`select` in joined pipeline causes invalid expressions to be referenced
What happened?
Adding a select in a joined pipeline after a few columns have been derived results in CTEs referecing invalid columns
PRQL input
from (s"SELECT a,b,c,d FROM my_table")
join side:left (
s"SELECT e,f,g FROM other_table"
derive {
my_concatenated_col = f"{col} {other_col}"
}
group {my_concatenated_col} (aggregate { my_sum = first this.`my_concatenated_col`})
sort {this.my_concatenated_col, my_sum}
derive {new_name = my_sum}
select {this.my_concatenated_col, this.new_name}
) (this.my_concatenated_col == that.my_concatenated_col)
SQL output
WITH table_0 AS (
SELECT
a,
b,
c,
d
FROM
my_table
),
table_2 AS (
SELECT
e,
f,
g
FROM
other_table
),
table_3 AS (
SELECT
CONCAT(col, ' ', other_col) AS my_concatenated_col,
FIRST_VALUE(my_concatenated_col) AS _expr_0
FROM
table_2
GROUP BY
CONCAT(col, ' ', other_col)
),
table_4 AS (
SELECT
my_concatenated_col,
_expr_0 AS new_name,
_expr_0
FROM
table_3
),
table_1 AS (
SELECT
my_concatenated_col,
new_name,
CONCAT(col, ' ', other_col) AS my_concatenated_col,
FIRST_VALUE(my_concatenated_col) AS _expr_0
FROM
table_4
)
SELECT
table_0.*,
table_1.my_concatenated_col,
table_1.new_name
FROM
table_0
LEFT JOIN table_1 ON table_0.my_concatenated_col = table_1.my_concatenated_col
-- Generated by PRQL compiler version:0.13.4 (https://prql-lang.org)
Expected SQL output
MVCE confirmation
- [x] Minimal example
- [x] New issue
Anything else?
table_1 should not exist at all: table_4 already does the selection work, and my_concatenated_col has already been defined.
The following changes result in valid SQL being generate:
- Removing the
derive {new_name = my_sum}line andselectingthis.my_sumbelow - Removing the
selectline altogether - Removing the
groupline
@kgutwin it seems like the issue in table_1 stems from #5098 : in the postprocess stage, this reverts this.my_concatenated_col and my_sum to their original definition in table_3. Commenting the revert_sorts line out fixes this specific issue, but causes the bug in #5098 to appear again.
I'm not really sure what the best way to fix this would be, do you have an idea ?
Many thanks in advance!
I'd like to try to help, especially since I can't be certain of the fix in #5098 :)
However, I'm having a bit of trouble following your original issue report.

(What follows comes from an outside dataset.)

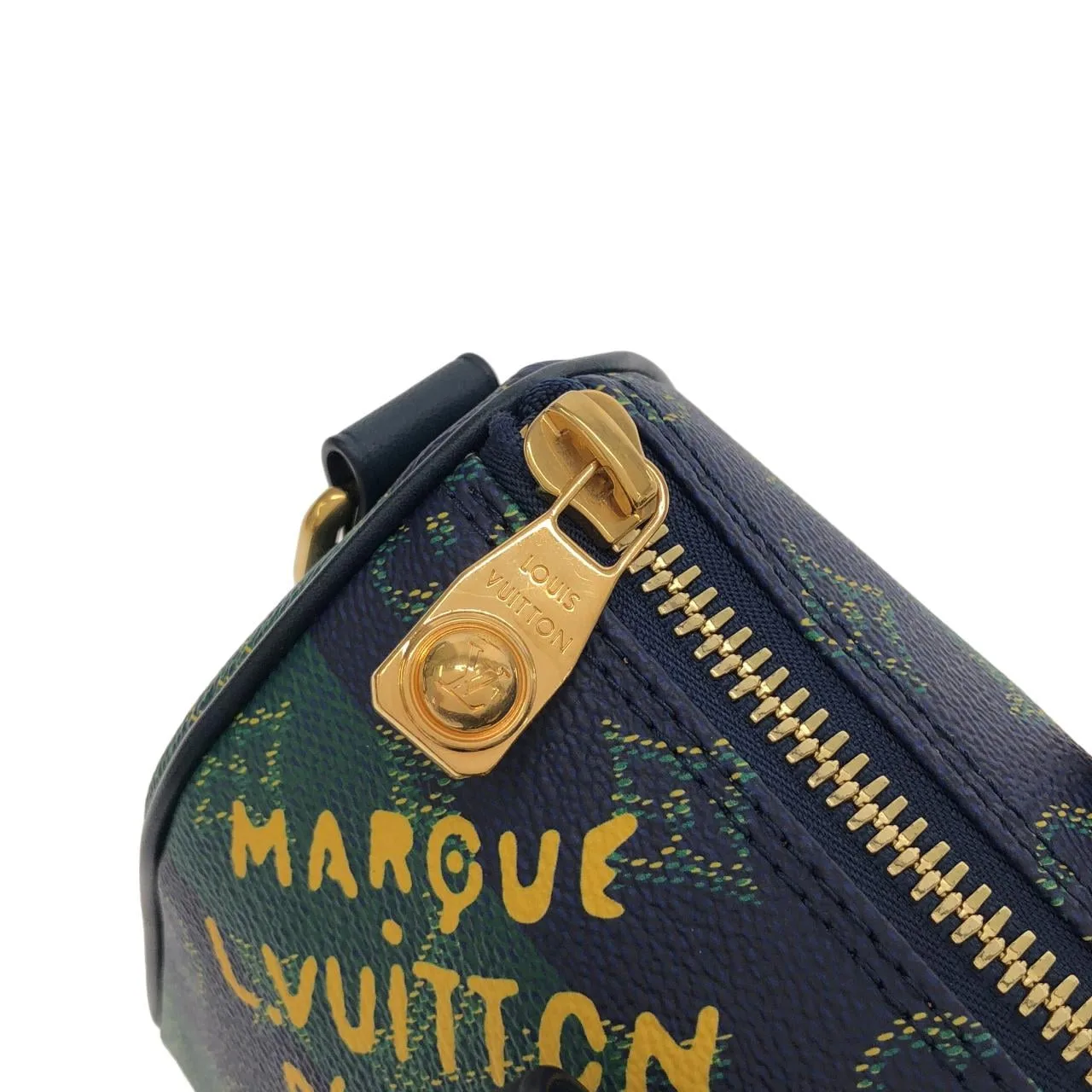 LOUIS VUITTON Keepall M25786 波士頓包 Monogram 金色 Monogram 中古品A - 縮圖 5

The definitions of col and other_col seem to be missing? Is this a minimal reproduction of the error?
The other strange thing from the provided SQL output is that you have a sort in the query, but it doesn't seem to result in an ORDER BY in the SQL. #5098 is all about sort columns, since PRQL's opinion on sorting is that it should be the very last step in the pipeline (see #1363 as to why). I wonder if the use of group is part of the trigger as well, see https://github.com/PRQL/prql/issues/1363#issuecomment-1368528636.
How much of this issue is resolved by #5305?

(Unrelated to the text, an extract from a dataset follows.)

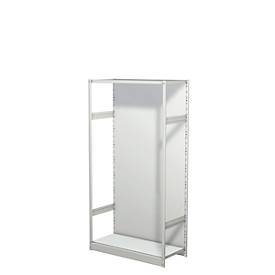 kerkmann Grundfeld Progress 500 - B 96 x H 190 x T 40 cm - mit Rueckwand - leer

Hope that helps the thought process...
@kgutwin Thanks for the quick response :)
You're right, here's an updated example, with one less derive statement. At the bottom of the comment are the results with the current main branch (3f2e21bd) . Removing any of the sort, derive or select statements in the joined pipeline results in a valid query.
If you check out the debug log, You'll see that the pipeline is valid at the end of the sql-anchor stage: table_1 only selects columns 13 and 14. table_3 maps CIds as 4 -> 11, 7 -> 12 and table_4 maps them as 11 -> 13, 12 -> 14.

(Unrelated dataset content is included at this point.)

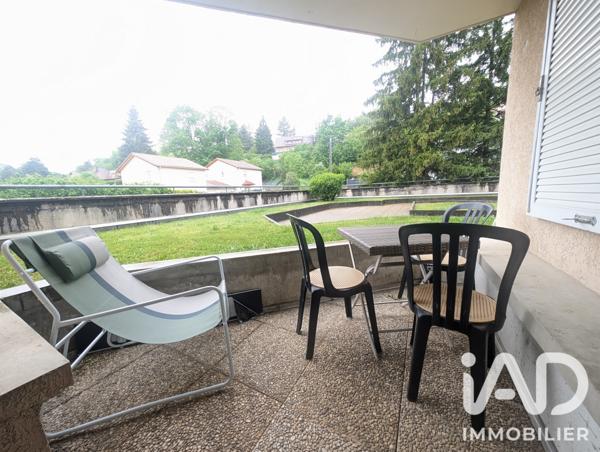 Appartement à vendre 3 pièces 50,14 m² Oyonnax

If we look at the sql-postprocess stage, we can see that what happens is that when processing table_4, we use the CId redirects from table_3 to revert the sort columns:
[DEBUG prqlc::sql::pq::postprocess] infer_sorts: table-4
[DEBUG prqlc::sql::pq::anchor] redirect sorts [] RIId(3) cid_redirects {column-7: column-12, column-4: column-11}
[DEBUG prqlc::sql::pq::anchor] reverting column-11 back to column-4
[DEBUG prqlc::sql::pq::anchor] reverting column-12 back to column-7
[DEBUG prqlc::sql::pq::postprocess] --- sorting [ColumnSort { direction: Asc, column: column-4 }, ColumnSort { direction: Asc, column: column-7 }]
last_sorting thus becomes [column-4, column-7], as well as ctes_sorting[table_4]
Thus, when processing table_1, in fold_sql_transforms, sorting becomes [column-4, column-7]. Since these columns are not found in table_4's CId mapping, they get inserted into the select statement as-is:
[DEBUG prqlc::sql::pq::postprocess] infer_sorts: table-1
[DEBUG prqlc::sql::pq::anchor] redirect sorts [ColumnSort { direction: Asc, column: column-4 }, ColumnSort { direction: Asc, column: column-7 }] RIId(4) cid_redirects {column-8: column-14, column-12: column-15, column-11: column-13}
[DEBUG prqlc::sql::pq::anchor] mapping column-4 via {column-8: column-14, column-12: column-15, column-11: column-13} to column-4
[DEBUG prqlc::sql::pq::anchor] mapping column-7 via {column-8: column-14, column-12: column-15, column-11: column-13} to column-7
[DEBUG prqlc::sql::pq::postprocess] adding column-4 to [column-13, column-14]
[DEBUG prqlc::sql::pq::postprocess] adding column-7 to [column-13, column-14, column-4]
Finally, since there's not sort in table_1, last_sorting is [],. which probably explains why no ORDER BY clause appears in the generated SQL, since Sort transforms are not emitted in fold_sql_transforms.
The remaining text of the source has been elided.